In this regard the following decisions need to be taken note of while seeking an answer to the above questions -
In Union of India v. Azadi Bachao Andolan, 2003-TIOL-13-SC-IT the Hon'ble Supreme Court held that if two views are possible with respect to any provisions under a taxing statute, the view which is in favour of the assessee should be accepted.
Further, the Apex Court in Hindustan Lever Ltd. v. Municipal Corporation of Greater Bombay, 1995 (3) Scale, page 24, and in the case of Birla Cement Works v. CBDT, 2002-TIOL-846-SC-IT-LB has established that if the words used in a taxing statute are reasonably open to two interpretations, the interpretation which goes in favour of the assessee should be accepted.

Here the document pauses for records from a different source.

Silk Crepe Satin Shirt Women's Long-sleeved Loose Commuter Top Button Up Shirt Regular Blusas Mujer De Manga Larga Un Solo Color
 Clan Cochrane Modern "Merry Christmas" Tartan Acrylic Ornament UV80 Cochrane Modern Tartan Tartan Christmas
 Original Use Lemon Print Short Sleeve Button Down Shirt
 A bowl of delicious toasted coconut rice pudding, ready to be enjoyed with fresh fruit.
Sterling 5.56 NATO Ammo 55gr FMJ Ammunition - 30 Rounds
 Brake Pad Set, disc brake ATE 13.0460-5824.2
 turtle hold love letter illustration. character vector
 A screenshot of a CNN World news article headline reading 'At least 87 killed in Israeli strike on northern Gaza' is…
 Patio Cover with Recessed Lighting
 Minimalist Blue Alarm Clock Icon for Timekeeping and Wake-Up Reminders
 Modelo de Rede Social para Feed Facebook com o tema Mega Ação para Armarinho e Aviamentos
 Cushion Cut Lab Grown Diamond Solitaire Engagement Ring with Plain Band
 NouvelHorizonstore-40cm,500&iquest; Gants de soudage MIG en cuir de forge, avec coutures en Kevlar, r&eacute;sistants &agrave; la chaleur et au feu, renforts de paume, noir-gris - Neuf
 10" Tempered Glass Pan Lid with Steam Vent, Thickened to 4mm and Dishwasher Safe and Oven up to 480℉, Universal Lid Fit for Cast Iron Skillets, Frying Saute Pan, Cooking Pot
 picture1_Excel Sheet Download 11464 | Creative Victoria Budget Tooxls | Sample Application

Furthermore, in CIT v. Podar Cement (P.) Ltd. 2002-TIOL-445-SC-IT-LB it was held that where there are two possible interpretations of a particular section which is akin to a charging section, the interpretation which is favourable to the assessee should be preferred while construing that particular provision. In CIT v. Vegetable Products Ltd 2002-TIOL-574-SC-IT-LB it has been held that if the Court finds that the language of taxing provision is ambiguous or capable of more meaning than one, then the Court has to adopt the interpretation which favours the assessee.
Tribunal in this regard,in the case of Thyssennkrupp(supra),stated "It is a well settled position in law that while interpreting statutes, no words can be added or removed/deleted from the statute. As held by Rowlatt J., "in a taxing statute one has to look merely at what is clearly said. There is no room for any intendment. Nothing is to be read in, nothing is to be implied. One can only look fairly at the language used." If, we apply this principle to the formula prescribed in sub-rule (3A), there is no scope for interpreting the term "P" otherwise. If the formula leads to an anomalous situation, the remedy lies in amending the provisions of the statute and the judiciary is helpless."
Accordingly, it held that the wordings of CCR, 2004 are clear and do not contain any ambiguity.
But is this provision really without any ambiguity?
The Explanation II states that credit of services used exclusively for provision of exempted services will not be permitted. A logical inference of this would be that services which are used exclusively for provision of taxable services should be allowed.
This supposition would automatically lead one to infer that proportionate reversal should be only of services used commonly for provision of taxable and exempted services.
It seems that the Tribunal has opened the gates of litigation & only a clarification from the Central Board of Excise & Customs in favour of the assessee should provide some relief as a soothing balm. But, the CBEC rarely is known for such generosity!